As physicians and health professionals, we know the reality of disease however we fall into the trap of believing that a person’s biology is the most important element of their life when in reality, it often is rather low on the list, even in the face of devastating illness.  The most important elements of life for most people are related to the values they have, the social environment in which they live and the people they care about.  When we ignore the complexity of the human condition, and when we focus on the medical only, and not the joy of life, then we lose the ability to help our patients truly heal. 

Interestingly enough, the “quants” can even show this with data.  For example when you study why people are readmitted to the hospital, it is related to their lives more often than it is related to their disease.  Living alone is the number one risk factor for being readmitted to the hospital in those over 65 according to a recent study in the Journal of the American Geriatrics Society.  That is not something you can see on a pathology slide but it is part of a person’s story.  Another review compiled research on the marriage health connection.  Married people are healthier than unmarried people and have lower health care costs.  Interestingly enough this is despite the fact that they have more obesity which some point to as the root of all health care cost problems. 

We see this understood quite well in the 23rd psalm, The Lord is My Shepherd, perhaps the most famous of all the psalms.   In Harold Kushner’s book interpreting the 23rd psalm, he speaks of the protagonist as being someone in despair.  Rabbi Kushner writes, “The psalmist cried out to God and this miracle occurred.  The miracle was not that the man’s fortune was reversed, but that he was not alone.”  Thus the data on readmissions and the one chapter of the bible that many in the English speaking world seem to know by heart give the same message – that being alone worsens the pain and despair that illness can initiate and that by having someone at one’s side, healing is more likely  to occur.  As Harold Kushner states it, “God’s promise is not that we will be safe but that we will never be alone…We will hurt but we will heal.”  While having a spouse by one’s side is a bit different than having God by your side, the point of loneliness being associated with poor outcomes when in a time of stress was well known before the scientific quantitative studies were done and was even published!  (This relates to a joke told by Israeli academicians asking whether God could get tenure at an Israeli university.  The answer is “no” because he only had one publication and it was not in English.)   

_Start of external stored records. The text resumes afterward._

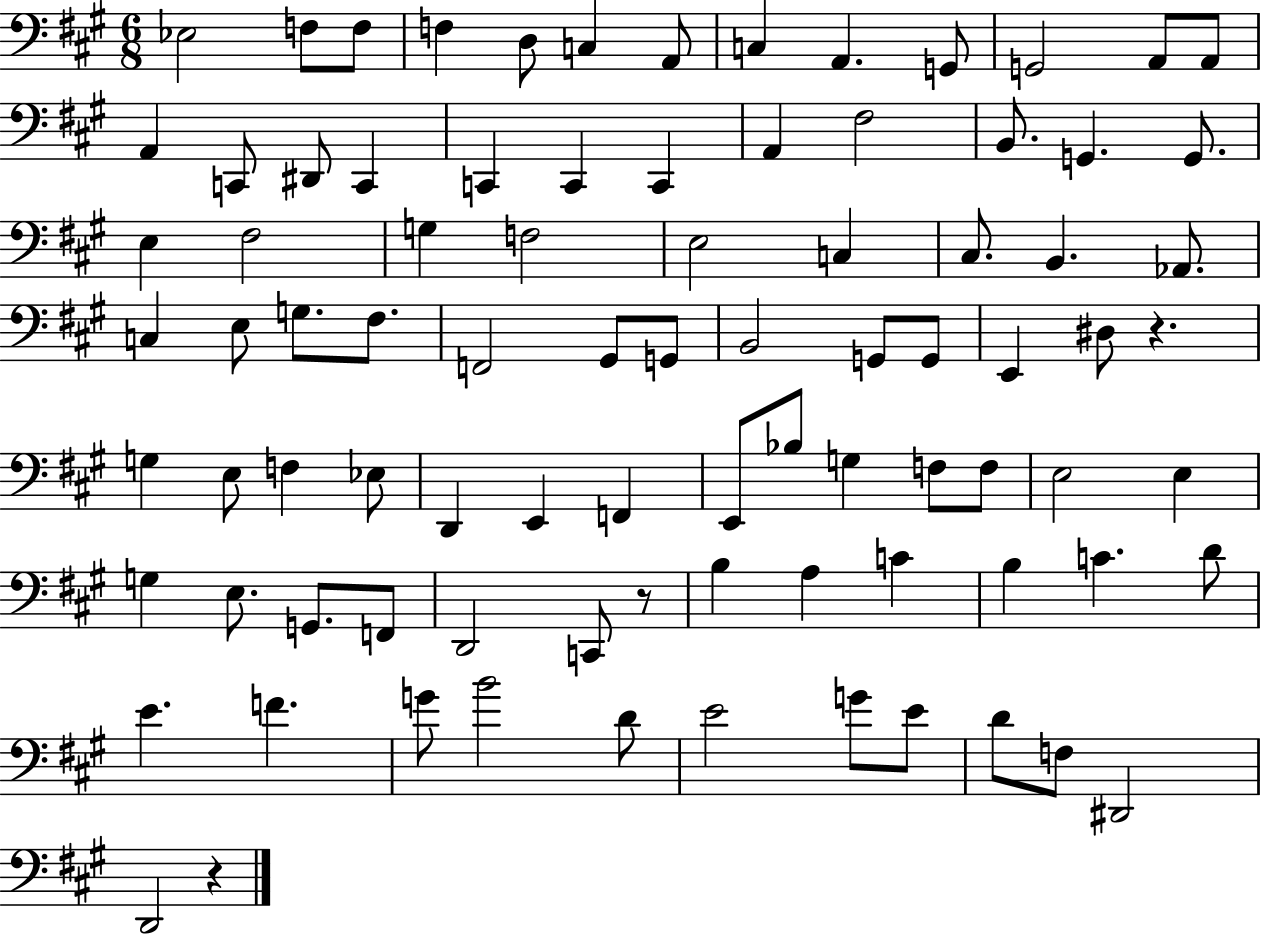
{
  \clef bass
  \numericTimeSignature
  \time 6/8
  \key a \major
  ees2 f8 f8 | f4 d8 c4 a,8 | c4 a,4. g,8 | g,2 a,8 a,8 | \break a,4 c,8 dis,8 c,4 | c,4 c,4 c,4 | a,4 fis2 | b,8. g,4. g,8. | \break e4 fis2 | g4 f2 | e2 c4 | cis8. b,4. aes,8. | \break c4 e8 g8. fis8. | f,2 gis,8 g,8 | b,2 g,8 g,8 | e,4 dis8 r4. | \break g4 e8 f4 ees8 | d,4 e,4 f,4 | e,8 bes8 g4 f8 f8 | e2 e4 | \break g4 e8. g,8. f,8 | d,2 c,8 r8 | b4 a4 c'4 | b4 c'4. d'8 | \break e'4. f'4. | g'8 b'2 d'8 | e'2 g'8 e'8 | d'8 f8 dis,2 | \break d,2 r4 | \bar "|."
} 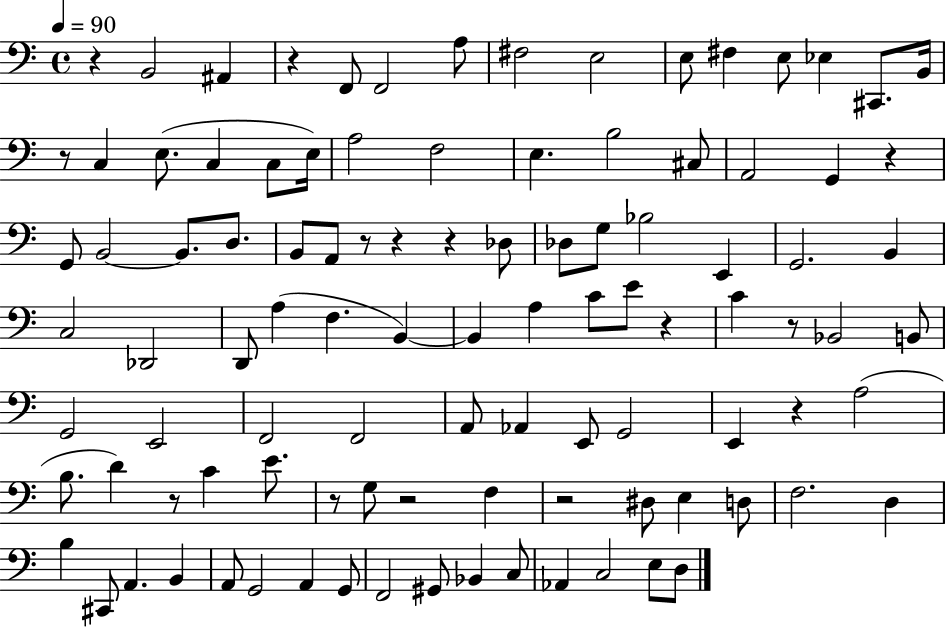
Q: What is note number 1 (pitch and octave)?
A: B2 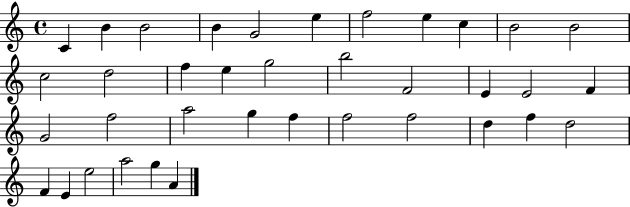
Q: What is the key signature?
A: C major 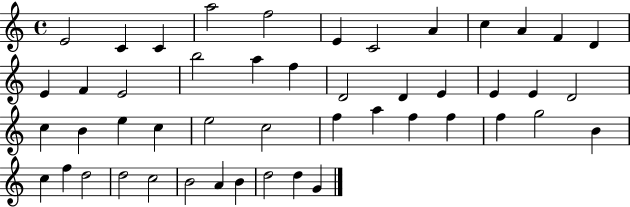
E4/h C4/q C4/q A5/h F5/h E4/q C4/h A4/q C5/q A4/q F4/q D4/q E4/q F4/q E4/h B5/h A5/q F5/q D4/h D4/q E4/q E4/q E4/q D4/h C5/q B4/q E5/q C5/q E5/h C5/h F5/q A5/q F5/q F5/q F5/q G5/h B4/q C5/q F5/q D5/h D5/h C5/h B4/h A4/q B4/q D5/h D5/q G4/q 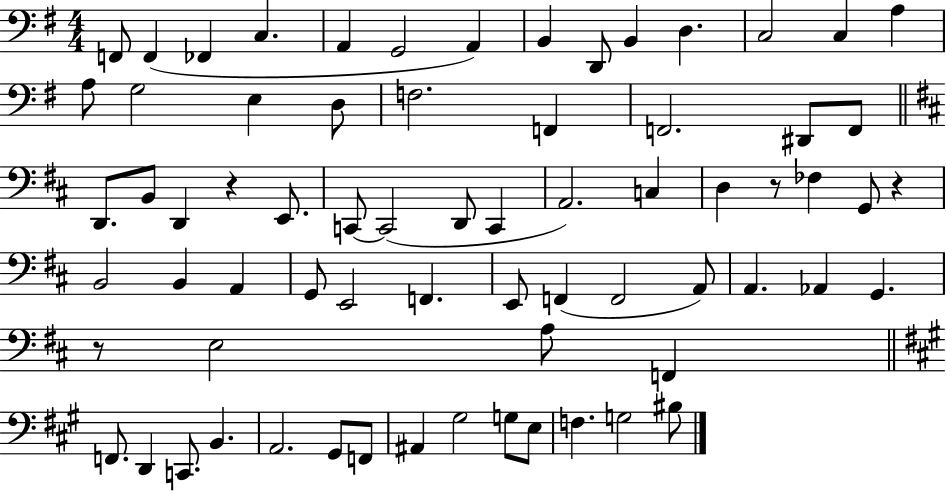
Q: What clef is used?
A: bass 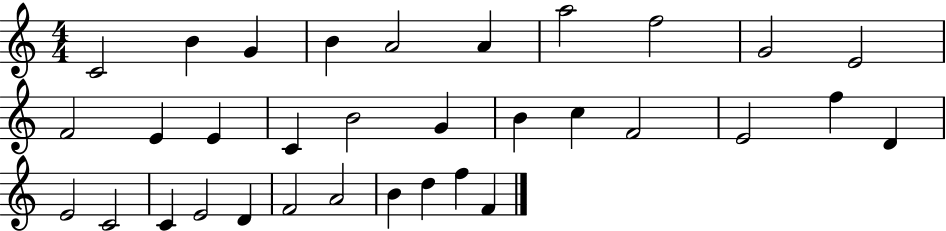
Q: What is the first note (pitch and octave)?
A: C4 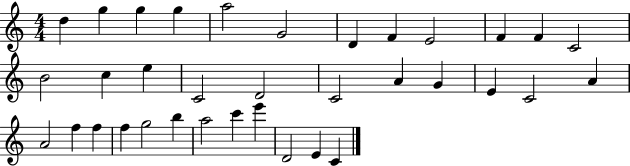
D5/q G5/q G5/q G5/q A5/h G4/h D4/q F4/q E4/h F4/q F4/q C4/h B4/h C5/q E5/q C4/h D4/h C4/h A4/q G4/q E4/q C4/h A4/q A4/h F5/q F5/q F5/q G5/h B5/q A5/h C6/q E6/q D4/h E4/q C4/q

None of this is to suggest that the medical aspects of care are unimportant, only that the human elements are just as important as the medical.  Thus the humanities, as our window to the human condition are important in the understanding and treatment of people who are ill.  Just as Harrison Scott Key writes of facing up to and overcoming fear and the 23rd Psalm talks of God as helping us not feel alone, we as health professionals have to find ways to help us understand people with all their complexity and make health care into something more than purely scientific ways to avoid the inevitability of death.